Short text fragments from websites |
━━━━━━━━━━

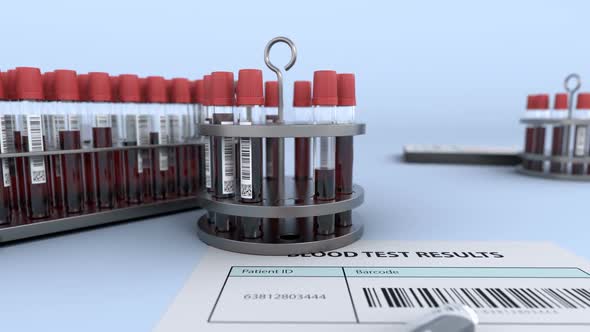 Test Tubes with Blood Sample in Reserarch Lab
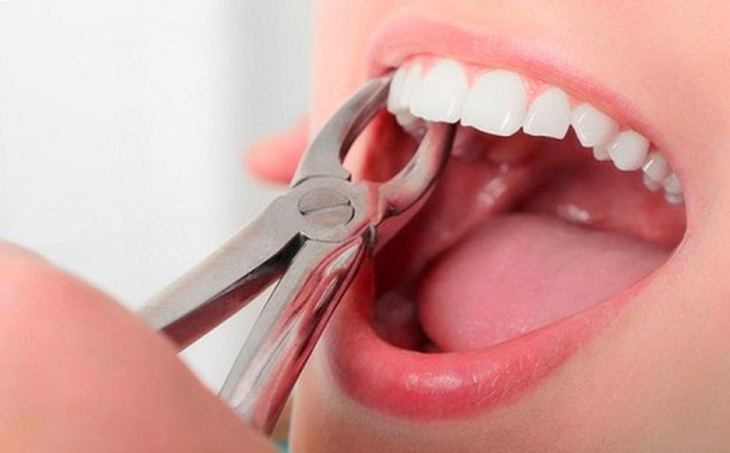 Những nhận định sai lầm khi nhổ răng- Ảnh 1. Những nhận định sai lầm khi nhổ răng- Ảnh 1.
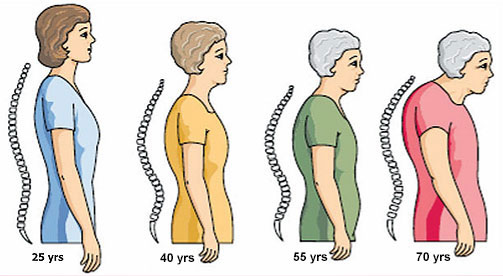 Osteoporosis Treatment in Chennai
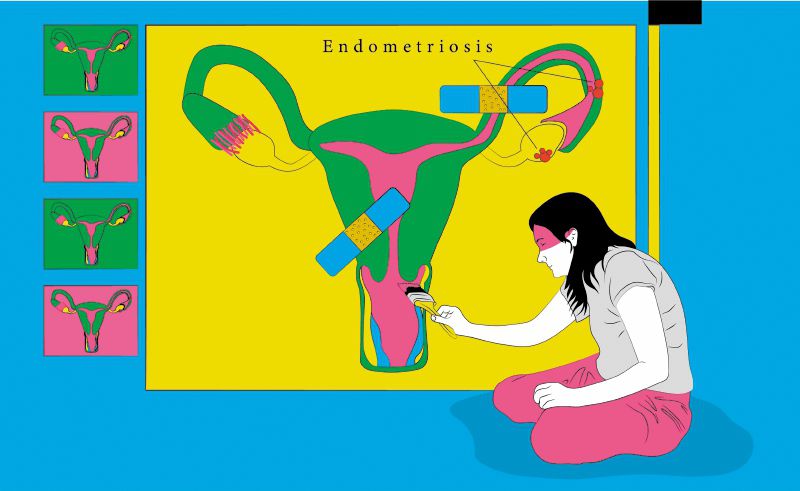 Gobierno publica política para prevenir, diagnosticar y tratar la endometriosis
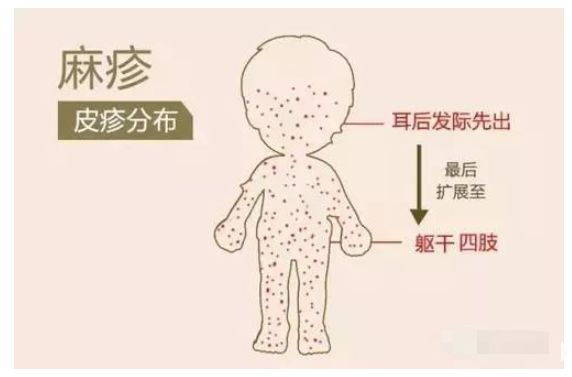 超全收藏手足口病猩红热水痘麻疹如何区别处理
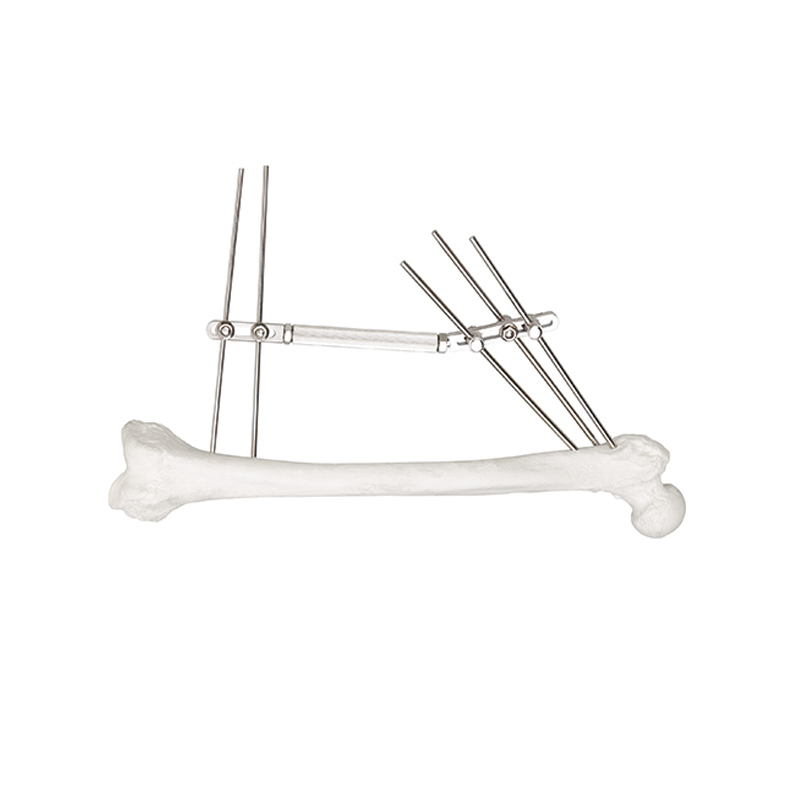dynamic external fixator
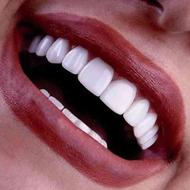 خدمات دندانپزشکی زیبایی کامپوزیت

━━━━━━━━━━

What the task requires |
Print, without pictures, exactly the lines from the one containing "超全收藏手足口病猩红热水痘麻疹如何区别处理" through the final line of the records above.

Output for this exercise |
 超全收藏手足口病猩红热水痘麻疹如何区别处理
dynamic external fixator
 خدمات دندانپزشکی زیبایی کامپوزیت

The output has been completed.